• TASK DETAILS:
The reply should reproduce every line of the data below word for word, minus any images.

= Beginning of Section =

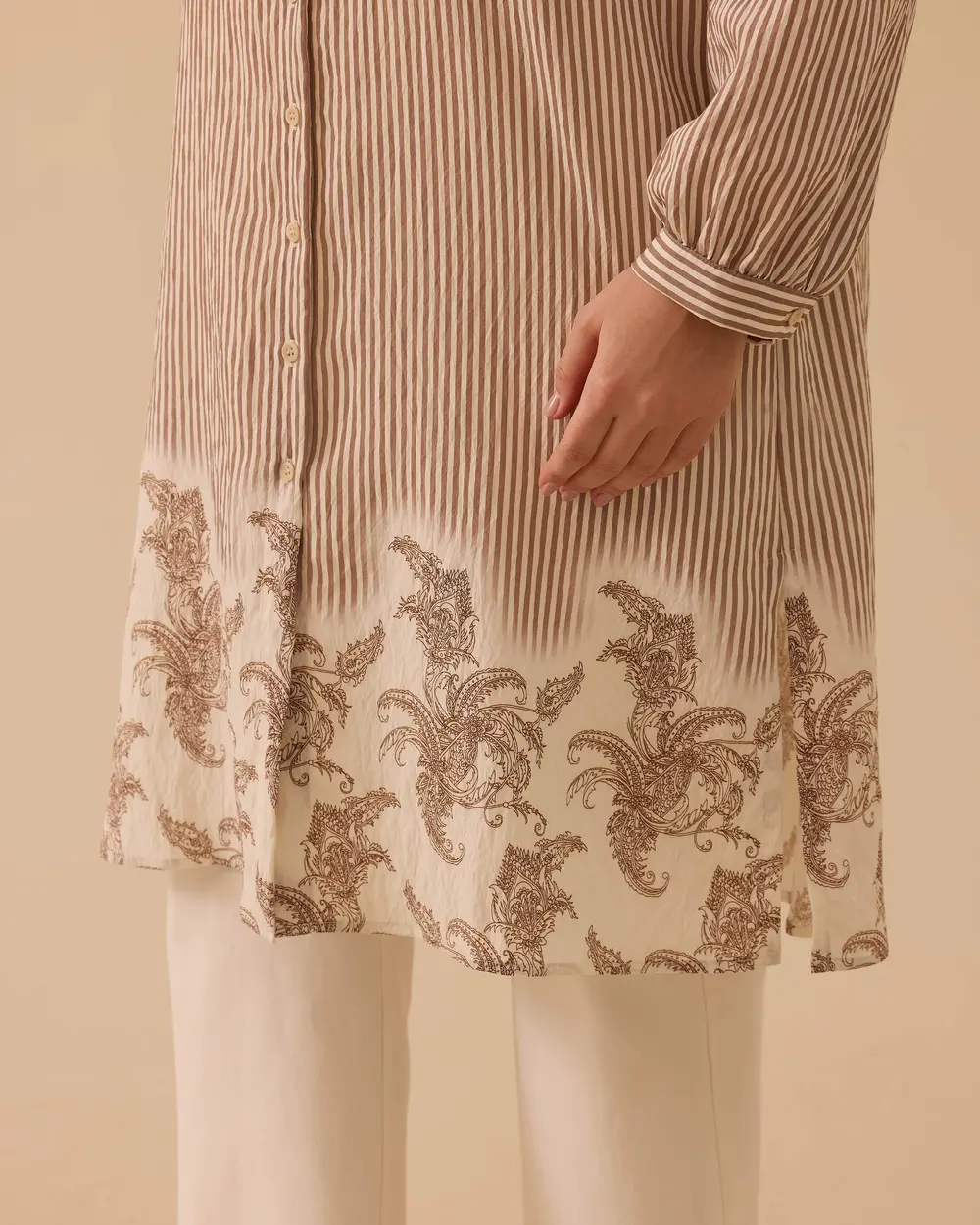 Büyük Beden Etek Ucu Desenli Çizgili Tunik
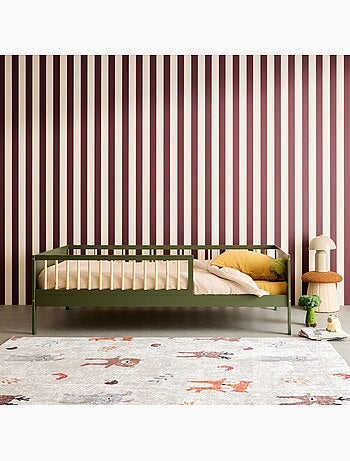 Lit enfant 90 x 190 cm pin naturel sommier à lattes inclus Elio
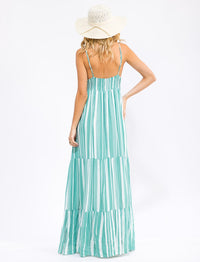 WOMEN'S SLEEVELESS V-NECK SMOCK OPEN BACK TIERED COLORBLOCK STRIPES MAXI DRESS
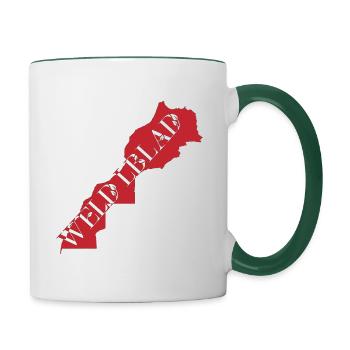 Moroccan Darija word "WELD LBLAD" - Contrasting Mug - white/dark green - Right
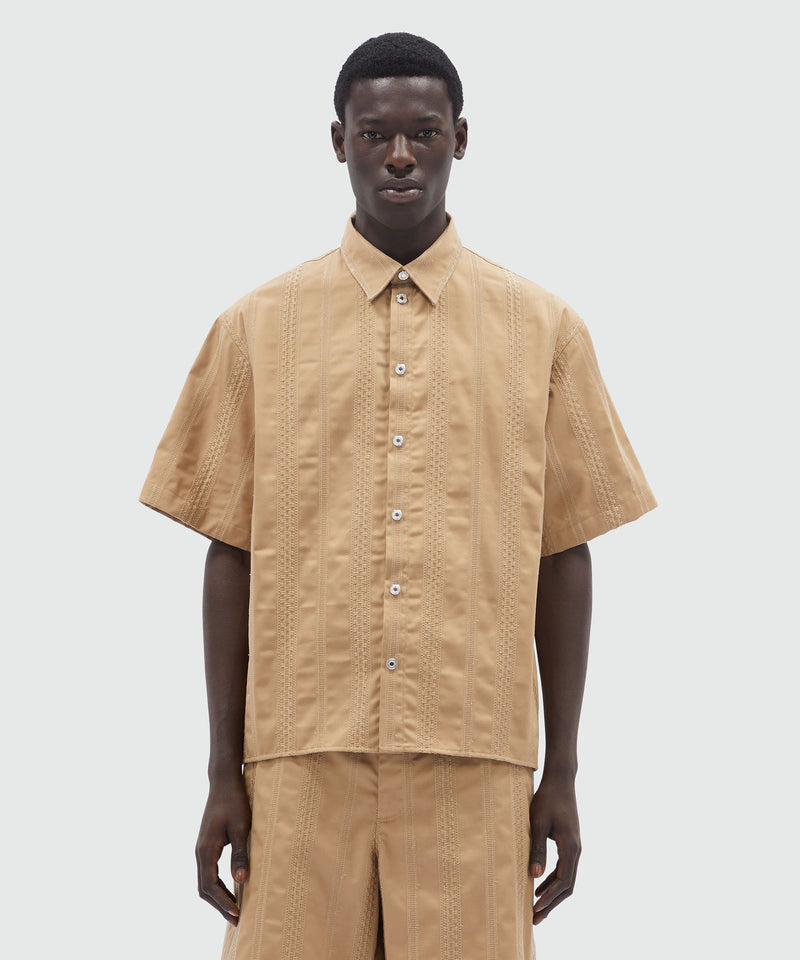 Gabardine shirt with stripes and embroidery SAND Men 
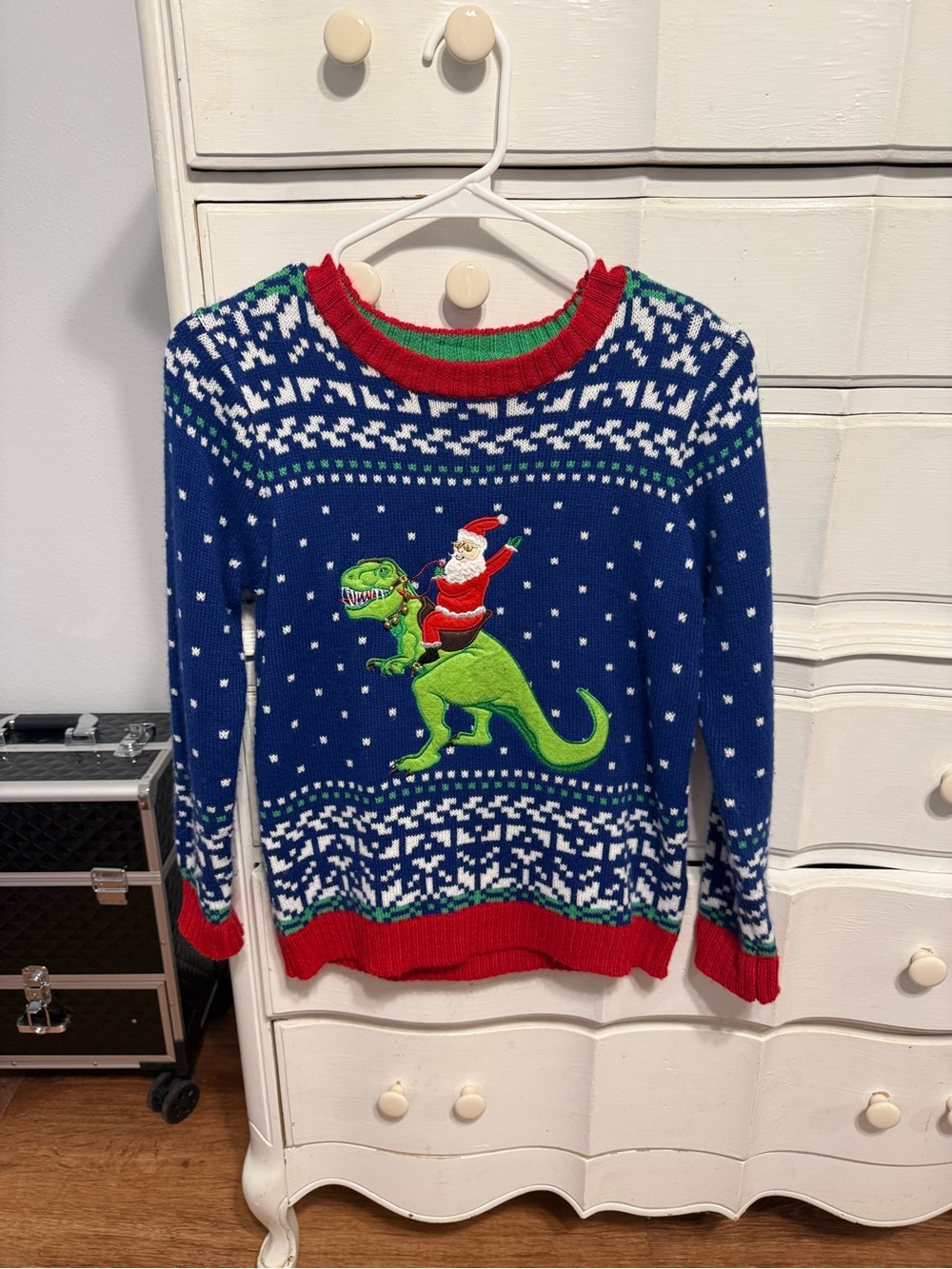 Blue Holiday Sweater with Santa on a Green T-Rex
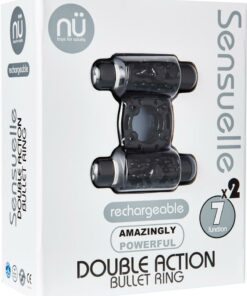 Nu Sensuelle Double Action Bullet Ring Rechargeable Vibrating Cock Ring - Black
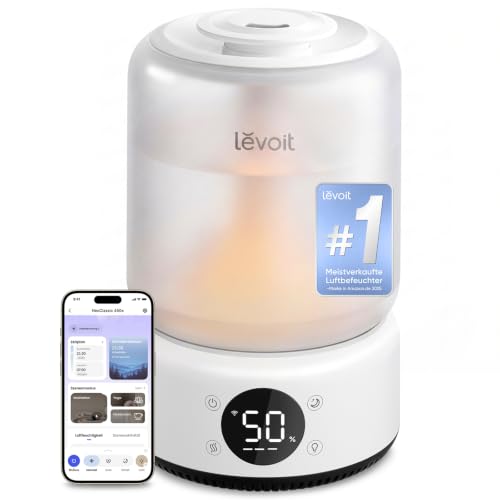 Luftbefeuchter Levoit NeoClassic 450S mit 4,2 L Top-Fill-Tank und einstellbarer Zielfeuchte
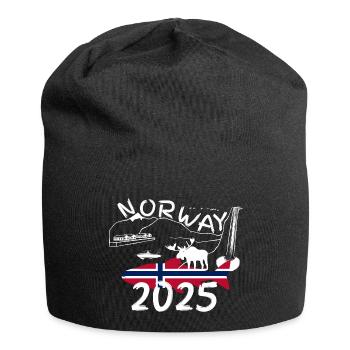 Norvège 2025 Saumon avec montagnes et pêche à l’orignal - Bonnet en jersey - noir - Devant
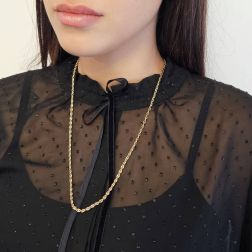 Collana a catena Marinara 60cm x 4mm - Massiccia foto indossata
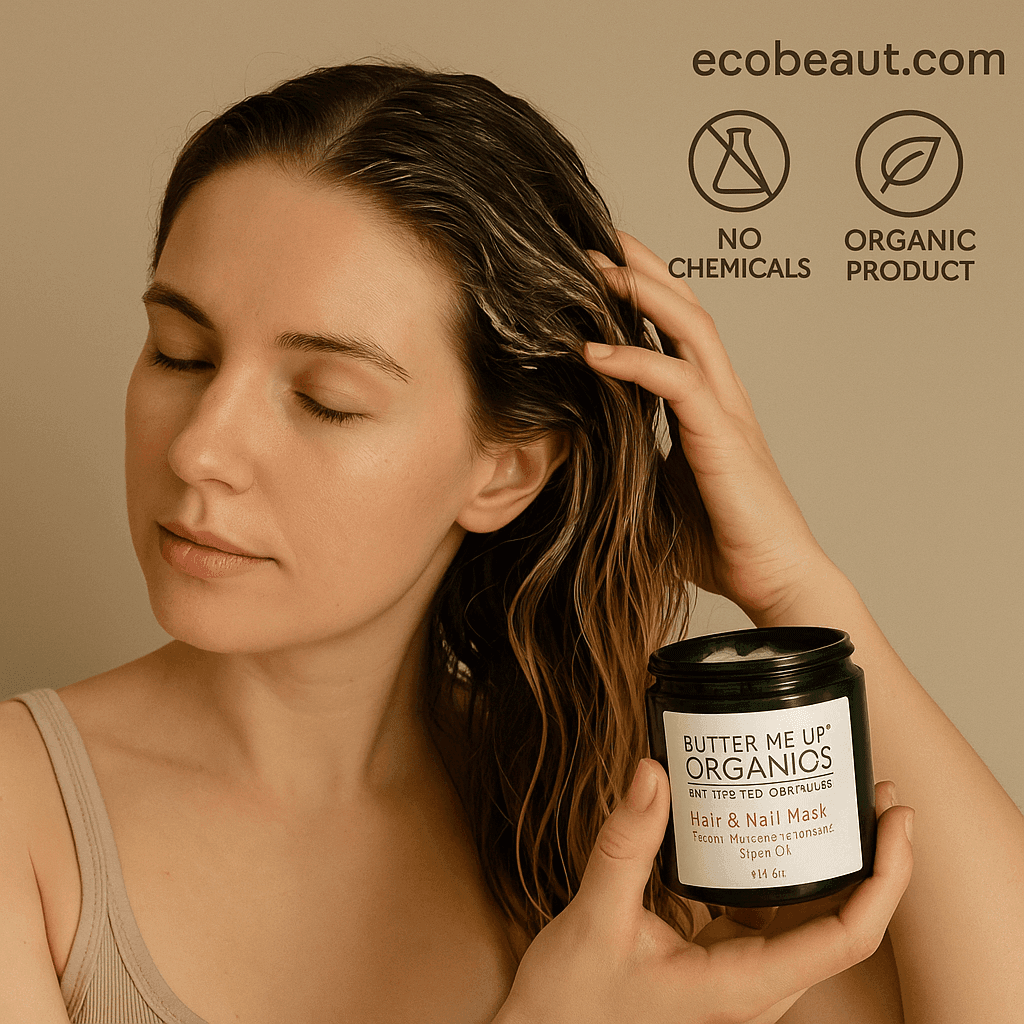 Woman applying organic hair mask from Butter Me Up Organics, holding the jar, with branding icons and ecobeaut.com above.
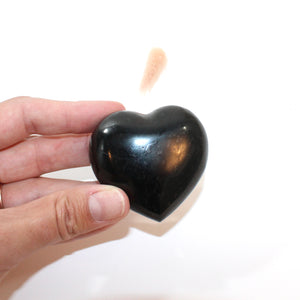 Black tourmaline polished crystal heart  | ASH&STONE Crystals Shop Auckland NZ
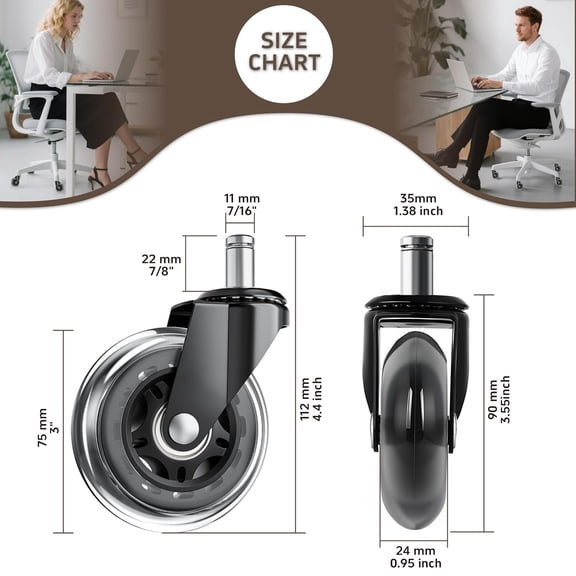 Office Chair Wheels, Set of 10 Caster Wheels Office Accessories, 3 Inch Heavy Duty Casters for Chairs to Replace Office Chair Mats, Smooth & Quiet Universal Fit for Most Chairs(10 Pack)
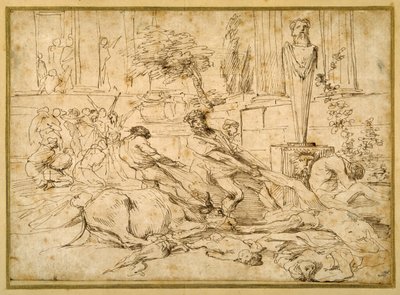 La peste en Ashdod (pluma y tinta sobre papel) de Giovanni Benedetto (1609 64) Castiglione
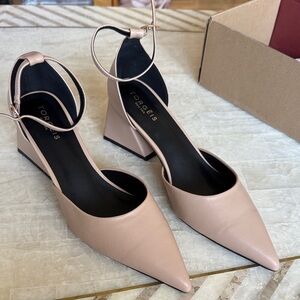 Torgeis Nude Ankle Strap Heels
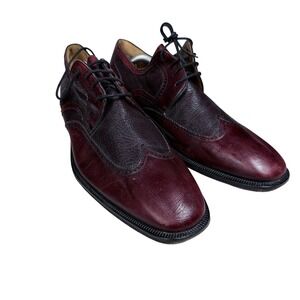 E.T. Wright Wingtip Oxfords Mens 11 B Burgundy Two Tone Leather Brogue Shoes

= End of Section =

• TASK RESULT:
 Büyük Beden Etek Ucu Desenli Çizgili Tunik
 Lit enfant 90 x 190 cm pin naturel sommier à lattes inclus Elio
 WOMEN'S SLEEVELESS V-NECK SMOCK OPEN BACK TIERED COLORBLOCK STRIPES MAXI DRESS
 Moroccan Darija word "WELD LBLAD" - Contrasting Mug - white/dark green - Right
 Gabardine shirt with stripes and embroidery SAND Men 
 Blue Holiday Sweater with Santa on a Green T-Rex
 Nu Sensuelle Double Action Bullet Ring Rechargeable Vibrating Cock Ring - Black
 Luftbefeuchter Levoit NeoClassic 450S mit 4,2 L Top-Fill-Tank und einstellbarer Zielfeuchte
 Norvège 2025 Saumon avec montagnes et pêche à l’orignal - Bonnet en jersey - noir - Devant
 Collana a catena Marinara 60cm x 4mm - Massiccia foto indossata
 Woman applying organic hair mask from Butter Me Up Organics, holding the jar, with branding icons and ecobeaut.com above.
 Black tourmaline polished crystal heart  | ASH&STONE Crystals Shop Auckland NZ
 Office Chair Wheels, Set of 10 Caster Wheels Office Accessories, 3 Inch Heavy Duty Casters for Chairs to Replace Office Chair Mats, Smooth & Quiet Universal Fit for Most Chairs(10 Pack)
 La peste en Ashdod (pluma y tinta sobre papel) de Giovanni Benedetto (1609 64) Castiglione
 Torgeis Nude Ankle Strap Heels
 E.T. Wright Wingtip Oxfords Mens 11 B Burgundy Two Tone Leather Brogue Shoes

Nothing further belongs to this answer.